Jurnalis Boleh Lelah, Tapi Jangan Lengah

Ilustrasi

Oleh: Mulyadi | Pemimpin Redaksi KabarGEMPAR.com

DI NEGERI yang makin gemar menyembunyikan data dan memoles citra, jurnalis seharusnya jadi pengganggu. Bukan penggembira. Tapi realitas hari ini menunjukkan sebaliknya semakin banyak jurnalis yang memilih aman, diam, atau, bahkan bergandeng mesra dengan penguasa.

Padahal, jurnalisme bukan pekerjaan biasa. Ini profesi yang menuntut nyali, integritas, dan komitmen moral.

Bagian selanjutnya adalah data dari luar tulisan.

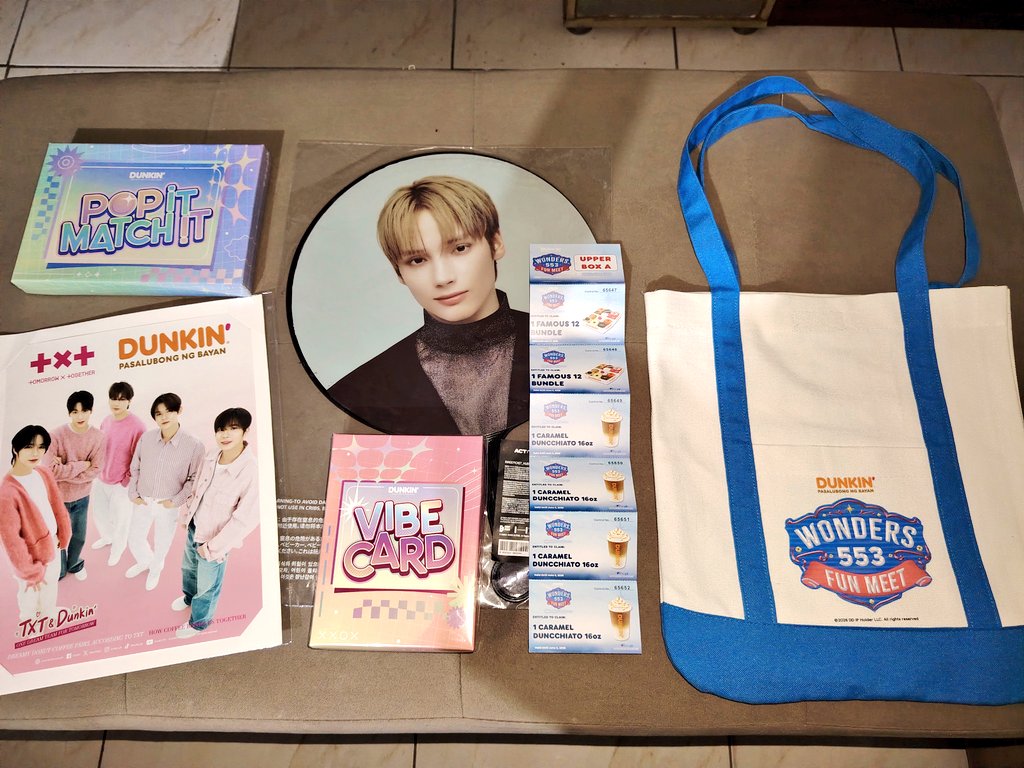 redyahrarelav's tweet photo. Thank you for these amazing gifts &amp; freebies, especially to @TXT_bighit @TXT_members @dunkindonuts @dunkinph &amp; @MOAArena for making it possible. #TOMORROW_X_TOGETHER #TXT #DunkinPH_TXT #DunkinPH_WondersAt553 https://t.co/UahnQx8Tfc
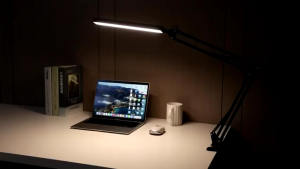 LED Desk Lamp with remote 360° Tri colors Fold Metal Led Table Lamp Clip On Long Arm Dimming Lamp with remote control
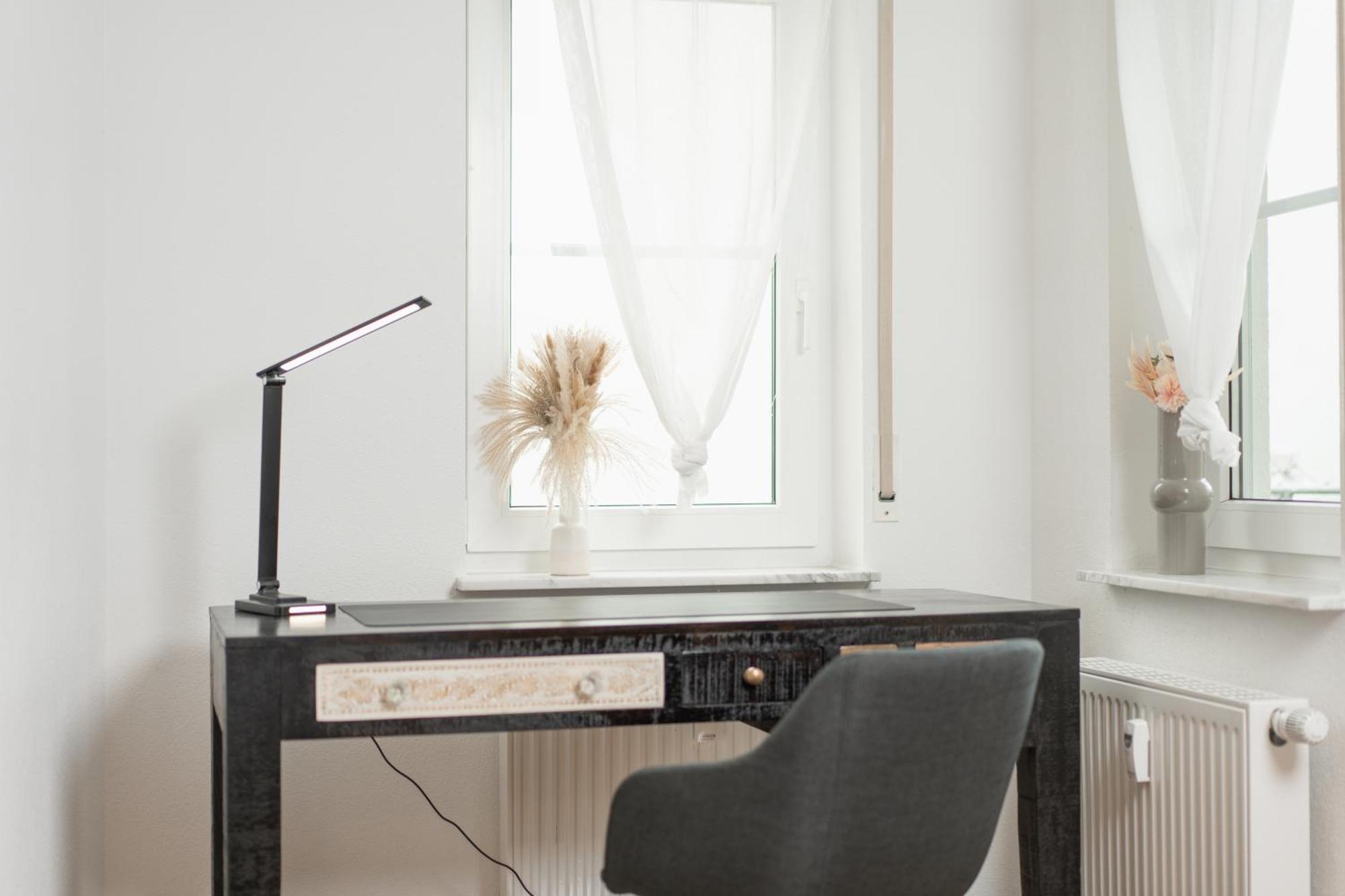 Untersee-Suite Istayunixi Seenaehe-Terrasse-Workspace-Netflix-Parkplatz Радольфцелль-ам-Бодензе Екстер'єр фото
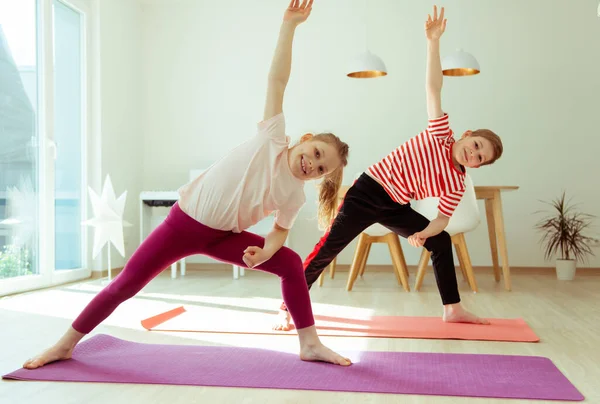 Saudara Kandung Yang Bahagia Anak Anak Membuat Yoga Rumah — Stok Foto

Ketika seorang jurnalis menyusun paragraf pertama, ia sedang menantang kebohongan. Ketika ia memutuskan tidak menulis karena datanya belum sahih, di situlah komitmen diuji.

Namun hari ini, komitmen itu makin mahal. Di tengah tekanan ekonomi, ketakutan akan doxing, dan gelombang disinformasi, banyak jurnalis terjebak pada kompromi: menerima amplop, menulis pesanan, atau membiarkan diri jadi alat propaganda. Yang lebih menyedihkan, semua itu dibungkus dengan dalih: “Saya hanya kerja.”

Jurnalisme tidak boleh jadi tempat berlindung bagi ketidakjujuran.

Komitmen jurnalis adalah benteng terakhir bagi akal sehat publik. Tanpa itu, berita akan hanyut dalam kabut kepentingan. Media berubah menjadi pengeras suara kekuasaan. Dan jurnalis? Hanya jadi juru ketik dengan gaji pas-pasan dan integritas yang makin menipis.

Di tengah zaman yang bising ini, jurnalis dituntut lebih dari sekadar hadir. Ia harus tangguh, teguh, dan terus belajar. Karena musuh jurnalisme bukan hanya sensor dan represi, tapi juga rasa nyaman yang membuat kita lupa: tugas kita bukan menyenangkan, tapi menyadarkan.

Komitmen jurnalis adalah nyala kecil yang tak boleh padam. Karena saat ia padam, kita semua akan berjalan dalam gelap, tanpa suara, tanpa arah, tanpa harapan.